2001: A SPACE ODYSSEY

出典元:YouTube(Movieclips)

綿密な科学考証とリアリズムの徹底

元々『2001年宇宙の旅』には雛型となる小説「前哨」(1943)が存在する。その原作者が、SF小説界の第一人者アーサー・C・クラークである。彼の協力なくして、この映画の完成は有り得なかったと言っていいだろう。

『2001年宇宙の旅』の制作に当たり、まずキューブリックは原作者クラークと共同で脚本を練り上げていき、およそ40社に及ぶ企業や研究機関から各科学分野に精通する有識者らを呼び寄せた。彼らから得られる厳密な科学的考証に基づき、完璧に整合性のとれた映像を生み出すためだ。
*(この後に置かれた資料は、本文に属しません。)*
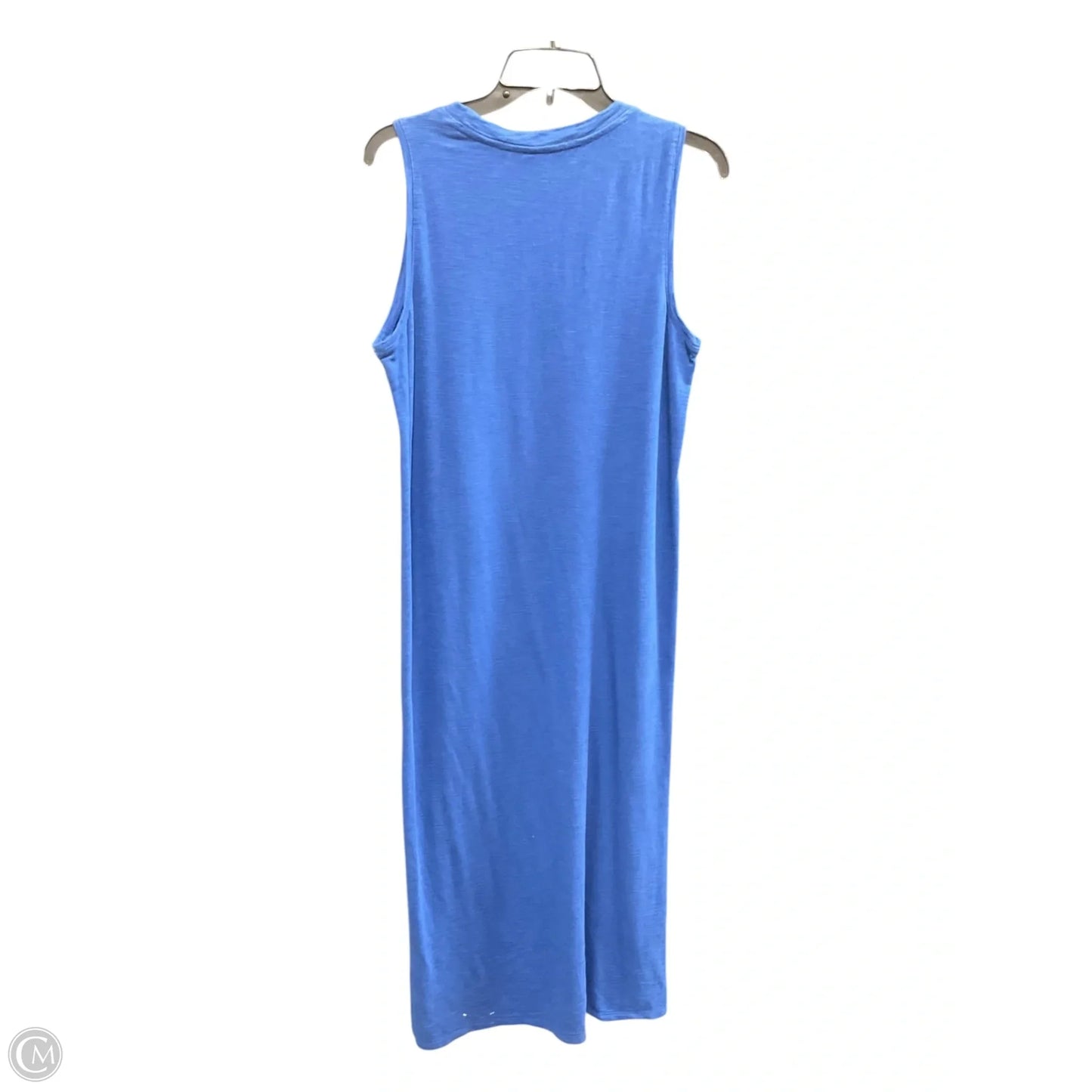 Dress Casual Maxi By Chicos In Blue, Size: S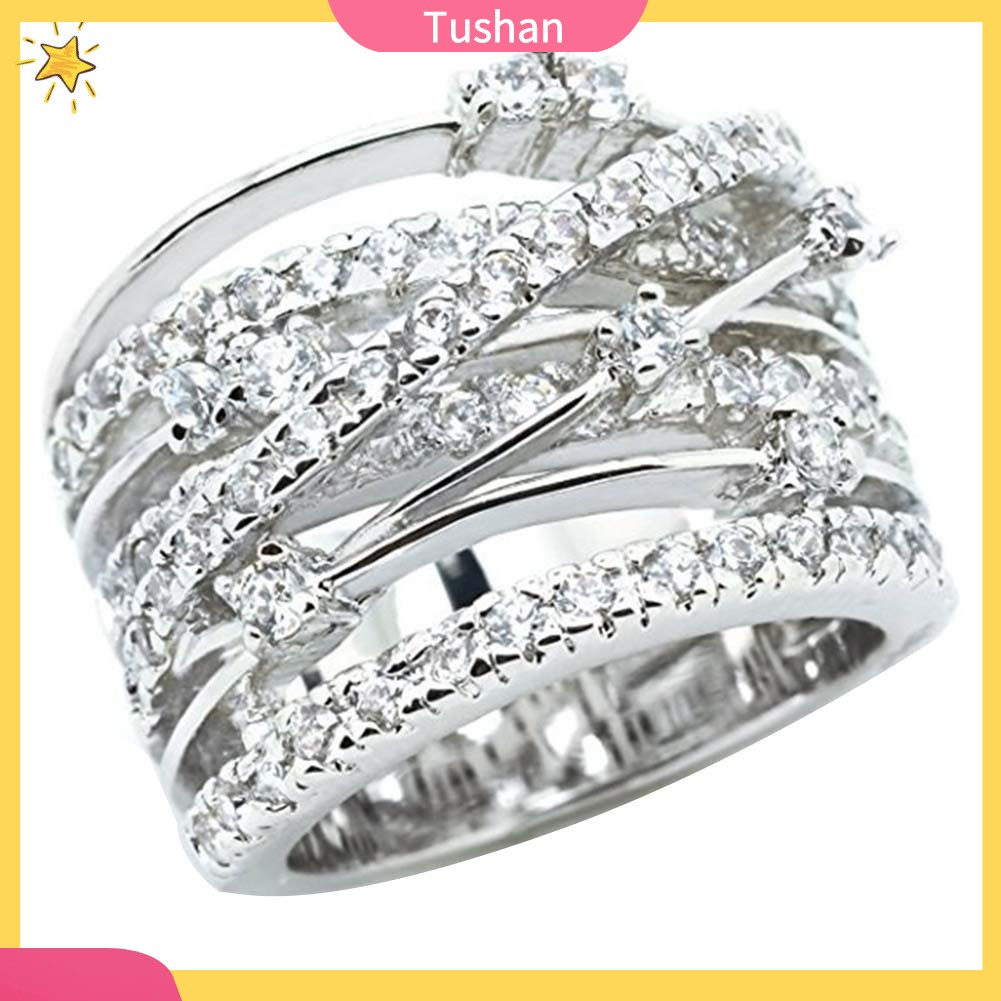 Nhẫn Đính Đá Sang Trọng Cho Nữ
それまで、そのほとんどが子供向けの空想科学モノで、いわゆる“B級映画”の域を出ないジャンルであったSFで、これほどまでに徹底した考証が行われたことは、画期的であったに違いない。

さらに、撮影技法にも斬新なアイディアが数多く見られる。まだCG技術も存在しない当時、大がかりな宇宙船セットやミニチュアを使った特撮を用い、フロント・プロジェクションと呼ばれる革新的な合成技法を駆使した。

それによって、キューブリックは映画史上かつてないリアルな異空間を見事に再現した。本作が、制作から公開までに約4年もの歳月を要したことにも頷ける。

2001: A SPACE ODYSSEY

出典元:YouTube(Movieclips)

キューブリックが掲げる人類進化論

本作を観た方の中には、冒頭のシークエンスに困惑した方が実は多いのではないだろうか?

SF映画らしいピカピカの“未来”を期待したのに、何の説明もないまま延々と“原始”のお猿さんを見せられる約30分間…。

2001: A SPACE ODYSSEY

出典元:YouTube(Movieclips)

そこで描かれていたのが、本作最大のテーマのひとつ「進化」の序章である。キューブリックは人類進化のメカニズムを分かりやすく可視化させることで、その起源を描こうとした。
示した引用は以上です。